«Явное предначертание». В 1845 г. журналист Джон О’Салливан впервые использовал термин «явное предначертание», который быстро приобрел популярность. О’Салливан критиковал другие страны за вмешательство в «естественный» процесс расширения США на Запад. Идея «явного предначертания» содержала три основных компонента: превосходство американской нации и ее институтов; миссия по распространению этих институтов, включая задачу переустройства мира по образу и подобию США; божественное предначертание, предписывающее Соединенным Штатам добиться этой цели [Miller, 2006, p. 120].
В течение XIX в. лидеры и журналисты США использовали концепцию «явного предначертания» для оправдания экспансионистской политики Соединенных Штатов. Доктрина Монро, сформулированная в 1823 г., совместно с «явным предначертанием» обосновывала противодействие США попыткам европейских держав вмешиваться во внутренние дела американского континента.
В конце XIX в. американский историк Фредерик Тёрнер сформулировал «теорию границы», доказывая, что именно взаимодействие американского общества с фронтиром (приграничной зоной поселений на Диком Западе) заложило фундамент американской свободы и независимости, отделив Америку от Старого Света с его европейским менталитетом [Hodgson, 2010, p. 230].
Существующая на сегодняшний день и цитируемая на официальном уровне концепция американской исключительности напрямую связана с тезисами «явного предначертания» и «теорией границы». Центральное место в этой концепции занимает убеждение в том, что американский экспансионизм был неизбежным и что «американцы были избранными людьми, которым было предназначено Небесами продвигаться в глубь континента» [Ekirch, 1963, p. 178]. Эти идеи оказали огромное влияние на американское внешнеполитическое мышление, предоставив идеологическую основу концепциям экспансионизма и гегемонизма.
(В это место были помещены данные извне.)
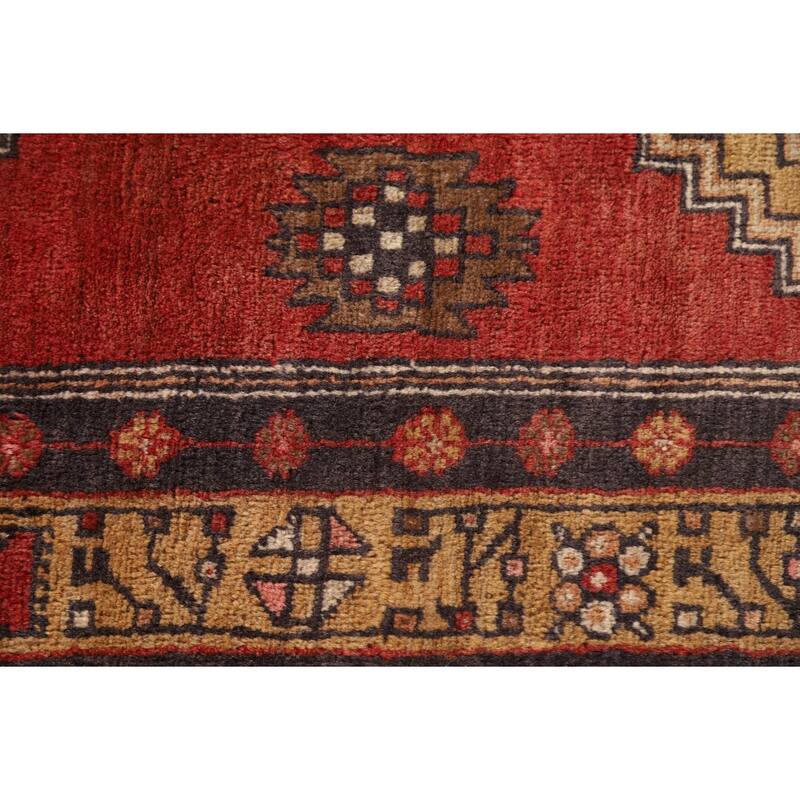 Vegetable Dye Ardebil Persian Runner Rug Hand-knotted Wool Carpet - 3'3"x 12'8"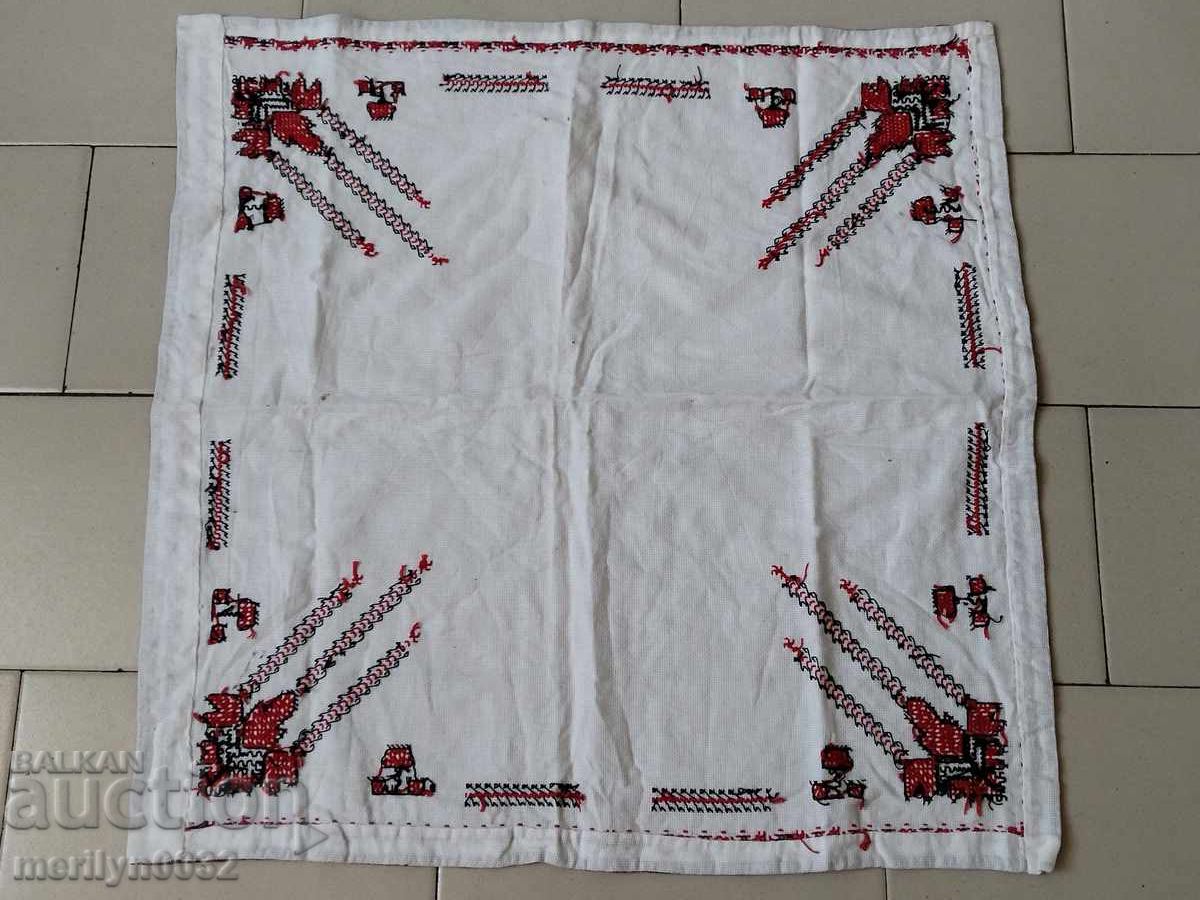 Old embroidered check, tablecloth, milo, Bulgarian embroidery - 6 Old embroidered check, tablecloth, milo, Bulgarian embroidery - 6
Вильсонианство. До конца XIX в. приоритеты внешней политики США сводились к тому, чтобы следовать концепции «явного предначертания» на американском континенте и оставаться в стороне от европейских конфликтов. Но 7 мая 1915 г. Германия потопила океанский пассажирский лайнер «Лузитания», что стало для президента В. Вильсона поводом вступить в войну. Вильсону предстояло при этом преодолеть традиционный изоляционизм американцев, и в этих целях он воспользовался верой сограждан в исключительность американских идеалов. Америка впервые сформулировала свою новую глобальную цель: не ограничиваться сохранением баланса сил, а распространять свои принципы по всему миру. Согласно «четырнадцати пунктам» В. Вильсона, Америка больше не могла оставаться лишь образцом свободы и независимости, как хотел Т. Джефферсон в начале XIX в. Вместо этого, как полагал Вильсон, Америка должна была стать созидательницей нового мирового порядка, основанного на более высоких моральных принципах и тесно связанного с принципом мессианской исключительности США.
Как указывает в своей книге американский исследователь Л. Амброзиус, Вильсону нравилась роль мирового гегемона, хотя он никогда явно не говорил об этом [Ambrosius, 2002, p. 12]. Идеологическое наследие Вильсона оставило отпечаток в политике многих американских государственных деятелей: Г. Киссинджера, Р. Рейгана, У.Дж. Клинтона и Дж.У. Буша [Ibid.]. Вильсонианство также стало идеологическим фундаментом теории демократического мира, рассматривающей демократизацию как средство предотвращения войн. Вильсон оставил после себя набор концепций, положивших начало глобальному крестовому походу американцев. По его мнению, не было существенной разницы между свободой США и свободой всего мира. Его идеи оказались крайне востребованы после окончания холодной войны, когда США принялись решать задачу построения нового мирового порядка. Как писал Г. Киссинджер, «интеллектуальная победа Вильсона оказалась более значимой, чем любой политический триумф, ибо, когда Америка столкнулась с задачей построения нового мирового порядка, она, так или иначе, вернулась к заветам Вудро Вильсона» [Kissinger, 1994, p. 145].